(Stored records)
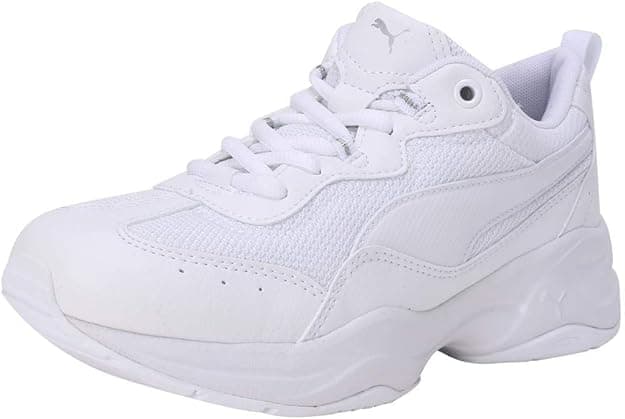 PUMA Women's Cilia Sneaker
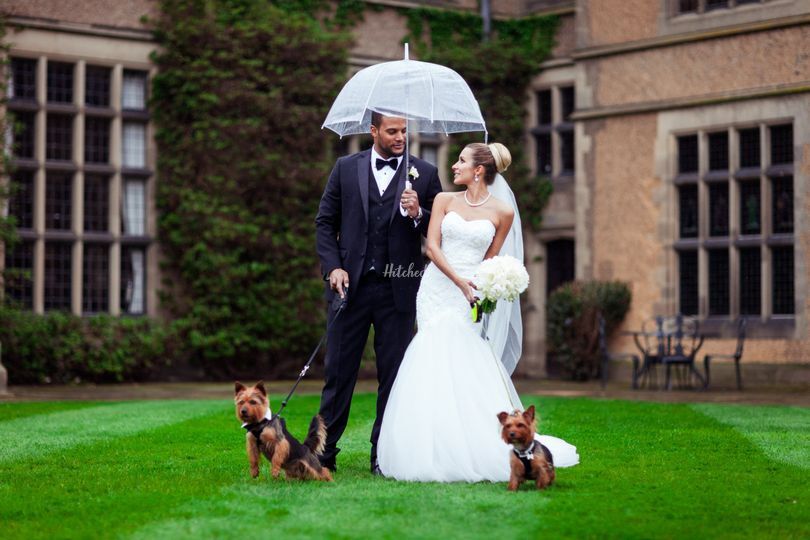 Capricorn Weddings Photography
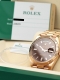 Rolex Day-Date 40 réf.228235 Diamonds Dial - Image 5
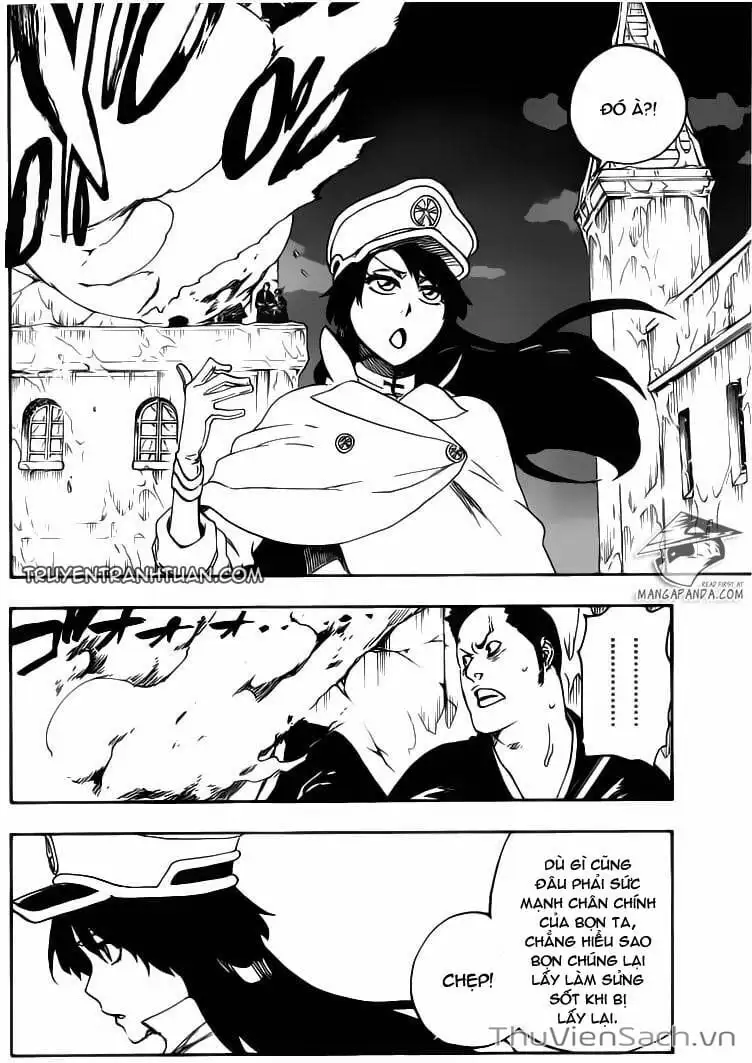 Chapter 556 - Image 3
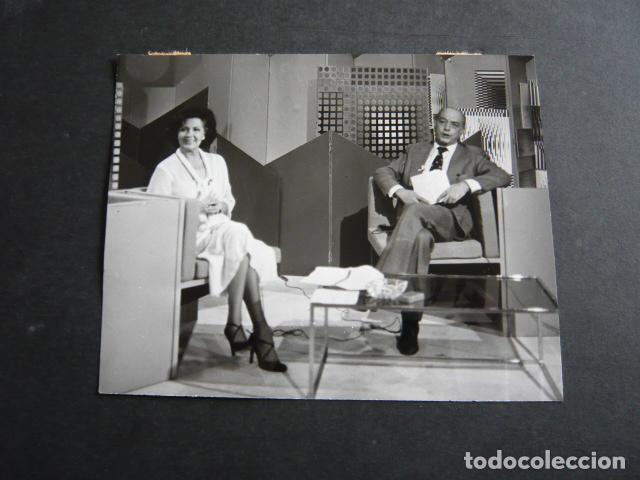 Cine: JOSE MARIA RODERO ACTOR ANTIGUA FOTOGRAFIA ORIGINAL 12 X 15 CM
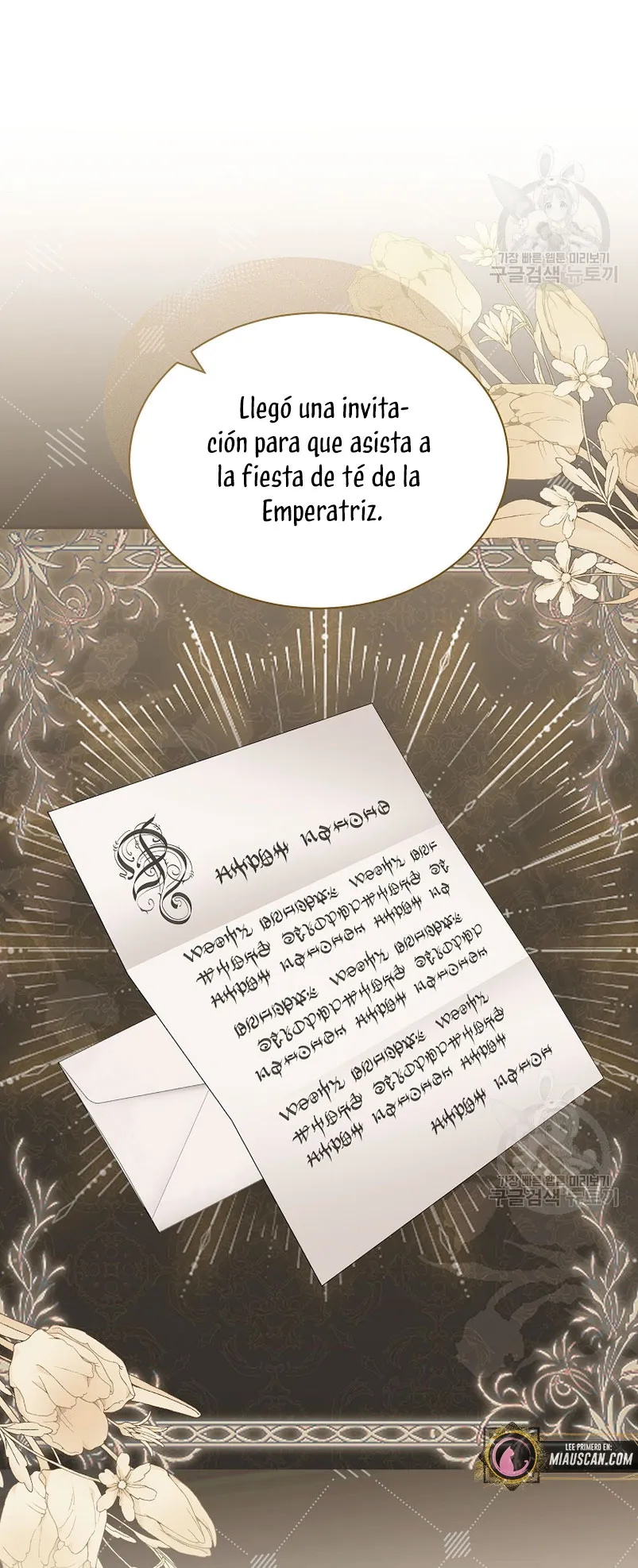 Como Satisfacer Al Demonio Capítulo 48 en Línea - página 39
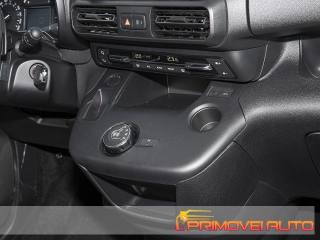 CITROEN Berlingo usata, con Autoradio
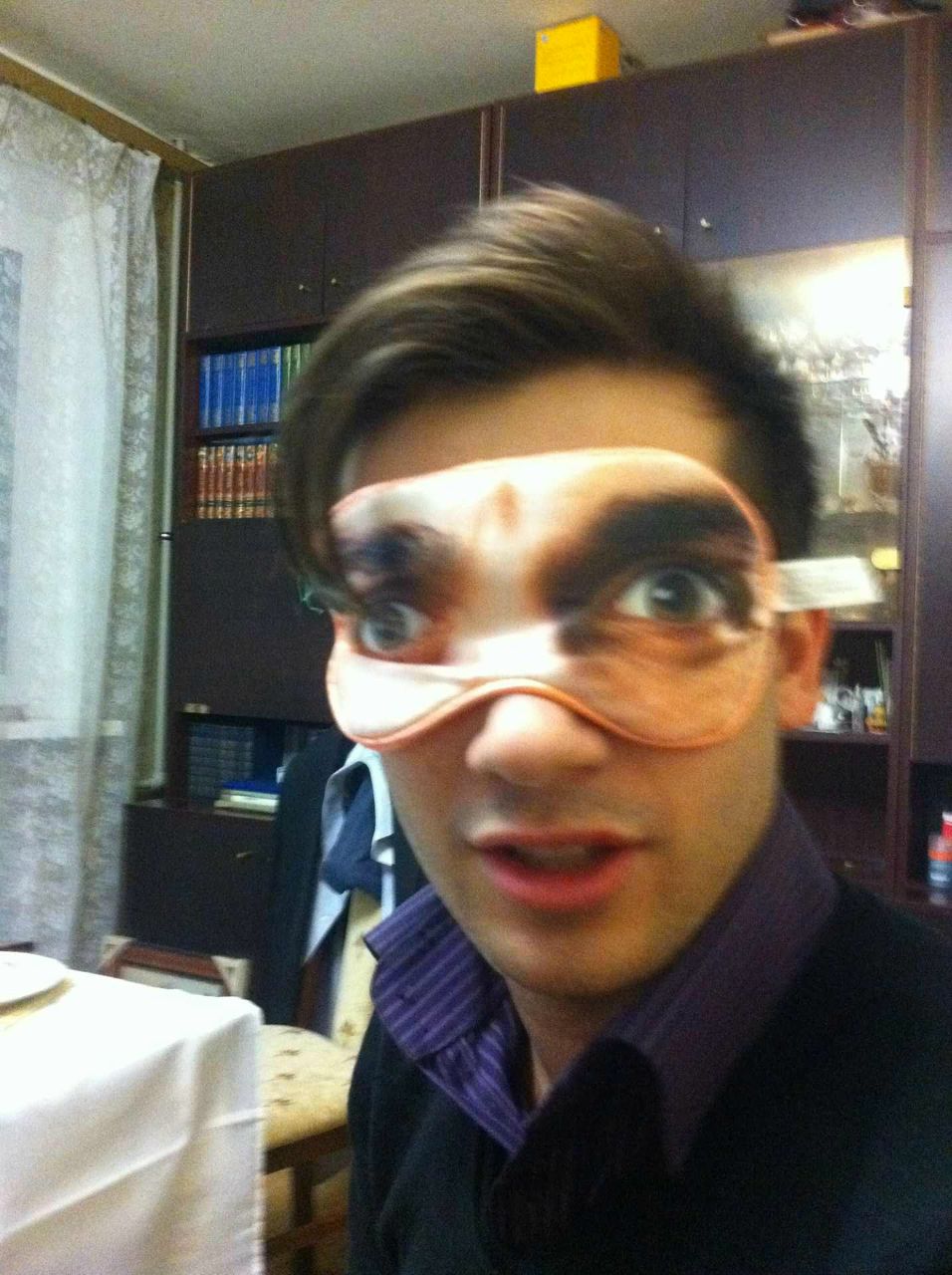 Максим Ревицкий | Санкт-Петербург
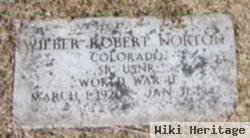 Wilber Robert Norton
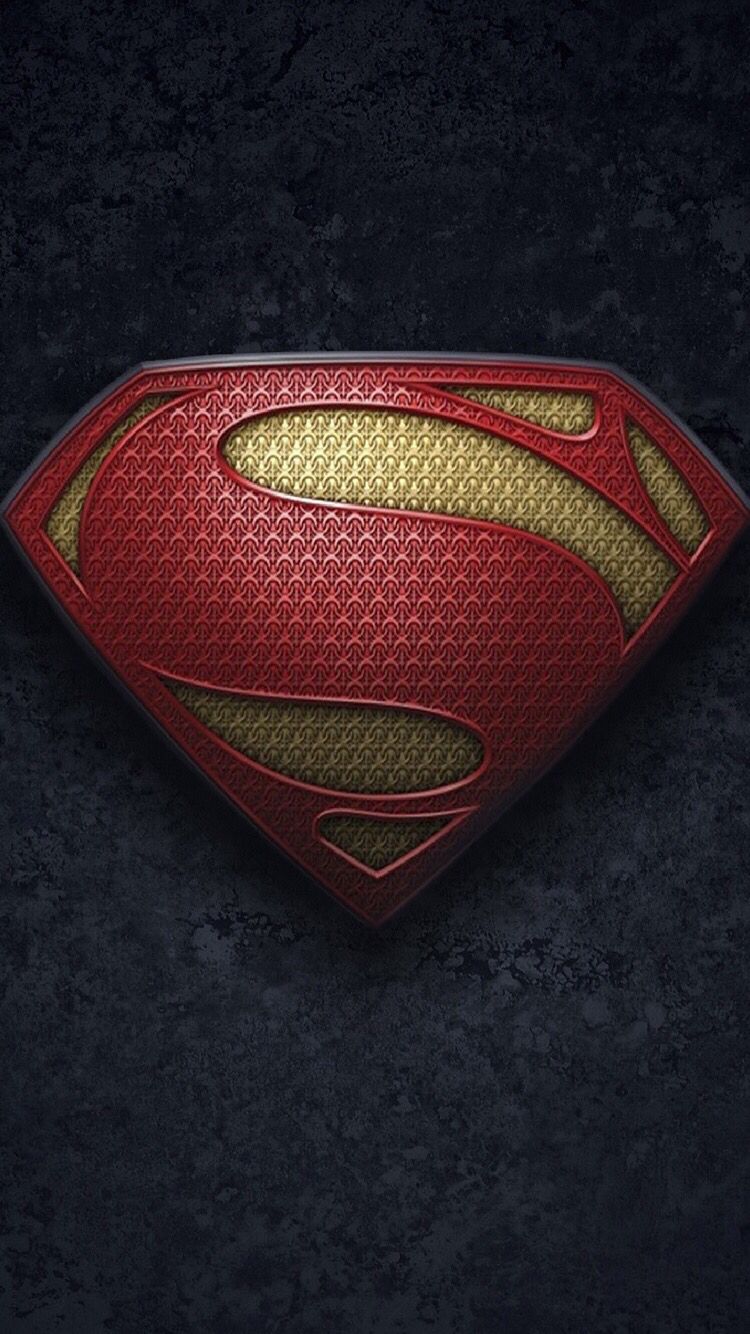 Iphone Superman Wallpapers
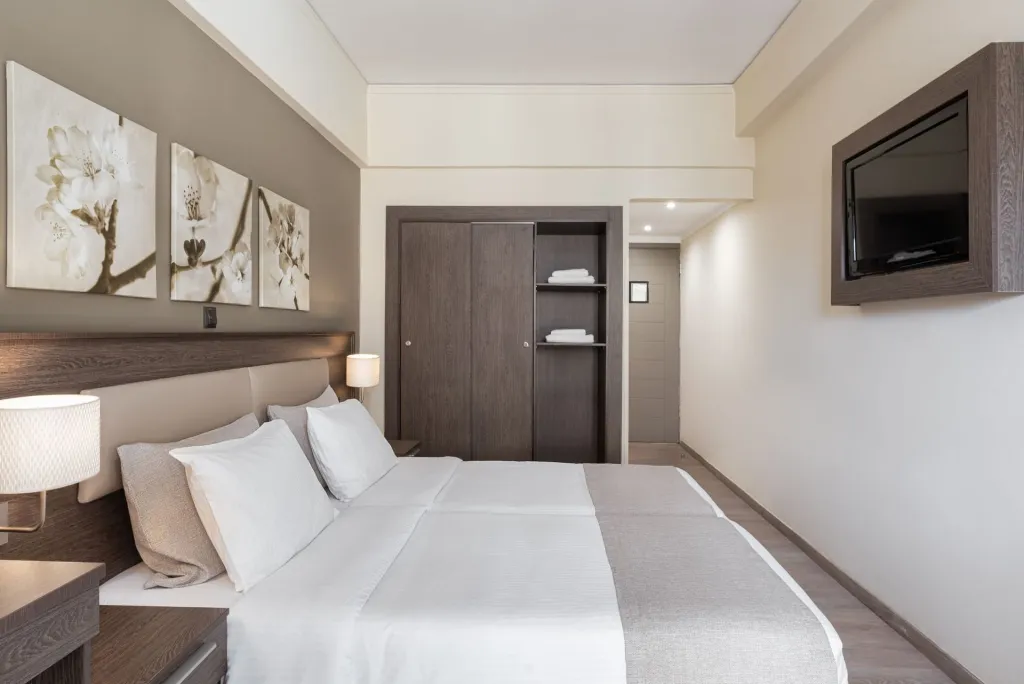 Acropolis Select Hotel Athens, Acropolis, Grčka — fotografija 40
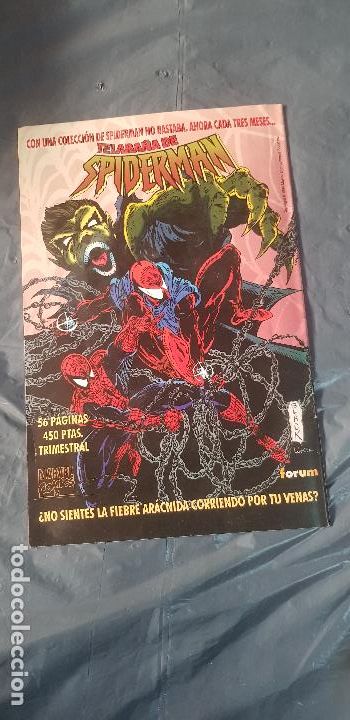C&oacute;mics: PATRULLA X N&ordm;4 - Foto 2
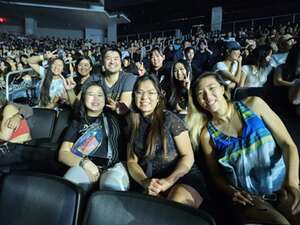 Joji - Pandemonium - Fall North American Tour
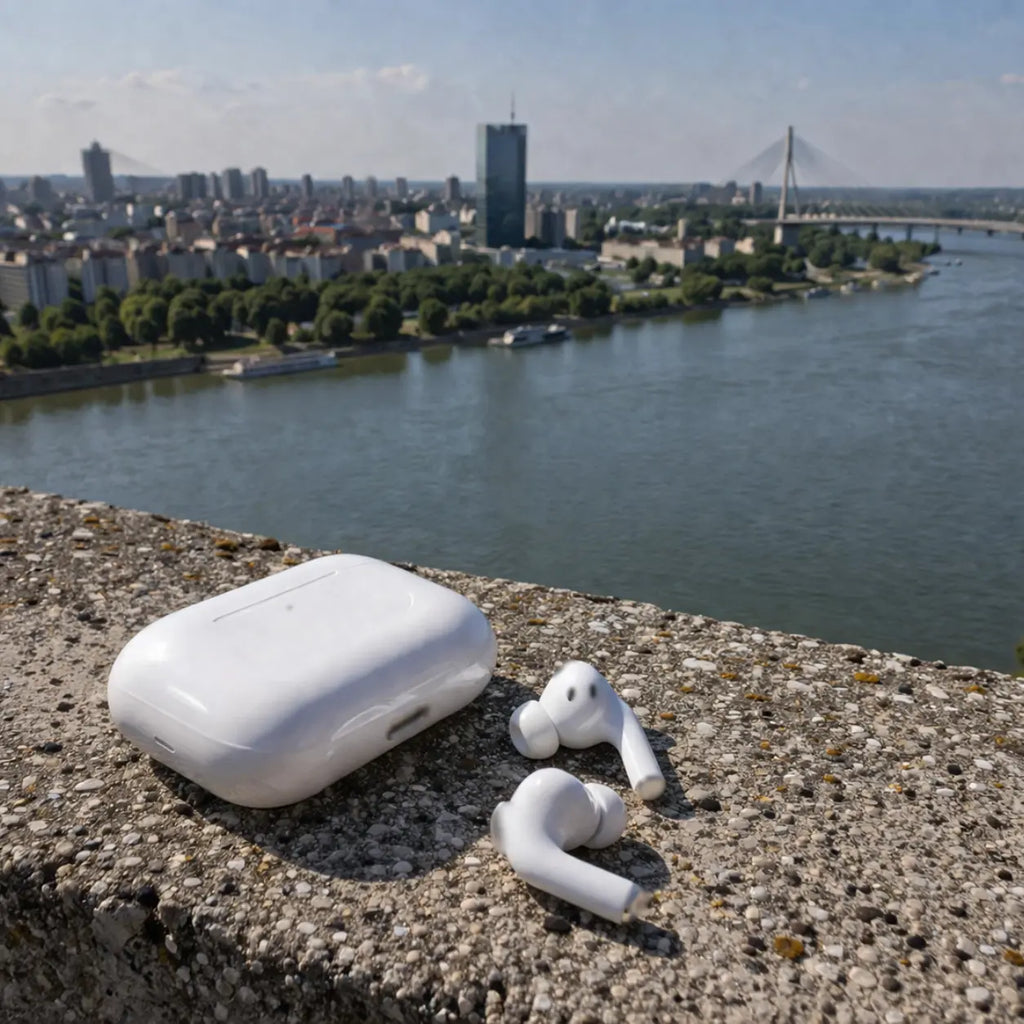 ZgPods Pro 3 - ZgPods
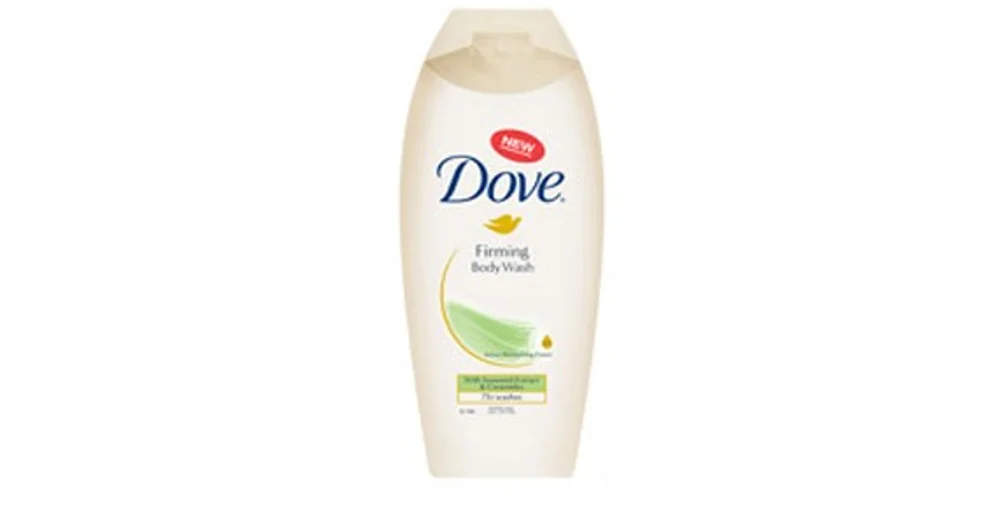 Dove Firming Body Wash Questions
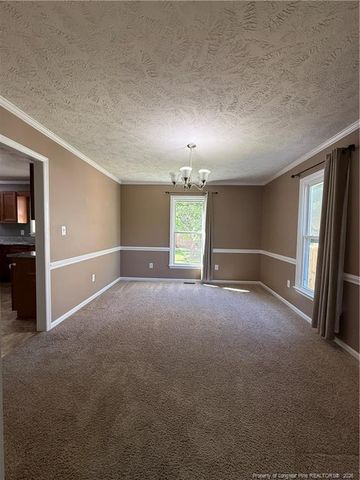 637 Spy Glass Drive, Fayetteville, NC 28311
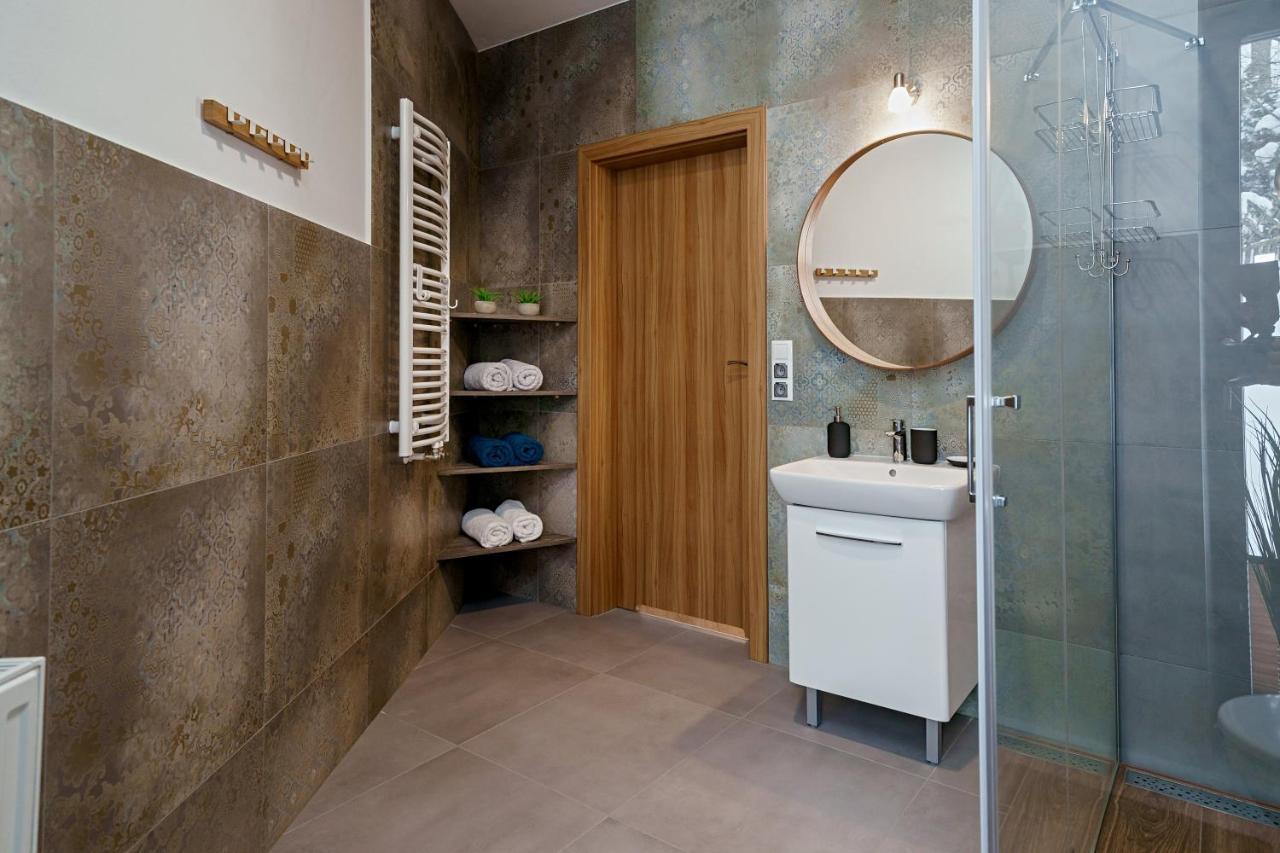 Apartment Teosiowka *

Exercise: In the copy, include exactly the lines from the one with "Acropolis Select Hotel" through the final line of the entries above, both ends counted, and no pictures.

Result:
 Acropolis Select Hotel Athens, Acropolis, Grčka — fotografija 40
C&oacute;mics: PATRULLA X N&ordm;4 - Foto 2
 Joji - Pandemonium - Fall North American Tour
 ZgPods Pro 3 - ZgPods
 Dove Firming Body Wash Questions
 637 Spy Glass Drive, Fayetteville, NC 28311
 Apartment Teosiowka *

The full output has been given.